I have a table with 10 million records with no indexes and I am trying to dedupe the table. I tried the inserts with select where either using a left join or where not exists; but each time I get the error with violation of key. The other problem is that the log file grows too large and the transaction will not complete. I tried setting the recovery to simple as recommended online but that does not help. Here are the queries I used;

insert into temp(profile,feed,photo,dateadded)
select distinct profile,feed,photo,dateadded from original as s
  where not exists(select 1 from temp as t where t.profile=s.profile)

This just produces the violation of key error. I tried using the following:

insert into temp(profile,feed,photo,dateadded)
select distinct profile,feed,photo,dateadded from original as s 
left outer join temp t on t.profile=s.profile where t.profile is null

In both instances now the log file fills up before the transaction completes. So my main question is about the log file and I can figure out the deduping with the queries.

vbNewbie
  • 3,291
  • 15
  • 71
  • 155

2 Answers2

2

You may need to work in batches.
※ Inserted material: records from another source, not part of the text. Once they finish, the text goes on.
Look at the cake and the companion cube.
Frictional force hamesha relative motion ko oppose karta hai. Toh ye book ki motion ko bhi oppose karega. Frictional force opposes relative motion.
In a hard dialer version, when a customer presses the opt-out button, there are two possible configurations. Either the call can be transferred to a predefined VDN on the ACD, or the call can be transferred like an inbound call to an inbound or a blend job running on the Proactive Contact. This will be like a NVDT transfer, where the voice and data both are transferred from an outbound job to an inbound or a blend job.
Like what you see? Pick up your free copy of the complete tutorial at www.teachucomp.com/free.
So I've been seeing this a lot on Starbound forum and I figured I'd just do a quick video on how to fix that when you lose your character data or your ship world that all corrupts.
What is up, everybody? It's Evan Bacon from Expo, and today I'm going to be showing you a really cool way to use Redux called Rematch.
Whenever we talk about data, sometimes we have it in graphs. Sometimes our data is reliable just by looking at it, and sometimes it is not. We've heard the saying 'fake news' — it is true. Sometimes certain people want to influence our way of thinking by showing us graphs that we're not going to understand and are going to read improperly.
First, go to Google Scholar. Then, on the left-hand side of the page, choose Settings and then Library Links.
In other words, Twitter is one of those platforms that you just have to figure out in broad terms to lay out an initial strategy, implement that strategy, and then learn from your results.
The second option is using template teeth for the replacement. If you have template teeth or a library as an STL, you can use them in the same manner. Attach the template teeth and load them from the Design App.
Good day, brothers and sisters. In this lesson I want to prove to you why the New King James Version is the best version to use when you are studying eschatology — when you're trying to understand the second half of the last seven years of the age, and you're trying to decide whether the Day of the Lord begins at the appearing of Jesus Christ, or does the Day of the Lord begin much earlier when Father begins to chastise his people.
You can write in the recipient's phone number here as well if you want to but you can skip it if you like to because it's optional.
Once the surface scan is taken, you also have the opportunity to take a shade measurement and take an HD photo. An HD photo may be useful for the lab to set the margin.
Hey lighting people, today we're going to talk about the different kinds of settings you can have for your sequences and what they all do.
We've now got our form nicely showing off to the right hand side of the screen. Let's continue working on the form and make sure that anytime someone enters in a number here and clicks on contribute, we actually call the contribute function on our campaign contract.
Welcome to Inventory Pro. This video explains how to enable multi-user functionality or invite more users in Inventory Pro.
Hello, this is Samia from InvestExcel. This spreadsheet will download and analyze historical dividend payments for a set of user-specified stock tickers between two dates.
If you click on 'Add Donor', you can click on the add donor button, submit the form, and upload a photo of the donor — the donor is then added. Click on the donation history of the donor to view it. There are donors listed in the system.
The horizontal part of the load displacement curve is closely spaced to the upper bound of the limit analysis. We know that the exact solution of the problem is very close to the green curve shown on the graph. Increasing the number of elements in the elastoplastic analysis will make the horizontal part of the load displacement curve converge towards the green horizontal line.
Write a loop to go through 5000 (you can experiment with the number, I've had to go as far down as 500 or up to 50,000 depending on the db and how busy it was) records or so at a time.

What is your key? Likely your query will need to pick using an aggreagate function on dataadded (use the min or the max function).

HLGEM
  • 94,695
  • 15
  • 113
  • 186
  • I was told that regardless of using batch I need to have a non clustered index on the source table which I do not have since it does contain dupes. or how can this be done then? – vbNewbie Mar 28 '12 at 15:52
  • thanks; I tried the batch idea and got the violation of Unique key constraint on the destination table. How do I get pass this? Thanks a mill for your help . – vbNewbie Mar 28 '12 at 21:04
  • please describe the key field(s) in the destination table – HLGEM Mar 28 '12 at 21:11
  • Destination Table :IX_Temp - profileUrl(ASC)--> unique key (non clustered) Source Table: IX_PURL - profileUrl(ASC) ---> index (non clustered, not unique – vbNewbie Mar 28 '12 at 21:42
1

the bigger the transaction, the bigger the transaction log will be.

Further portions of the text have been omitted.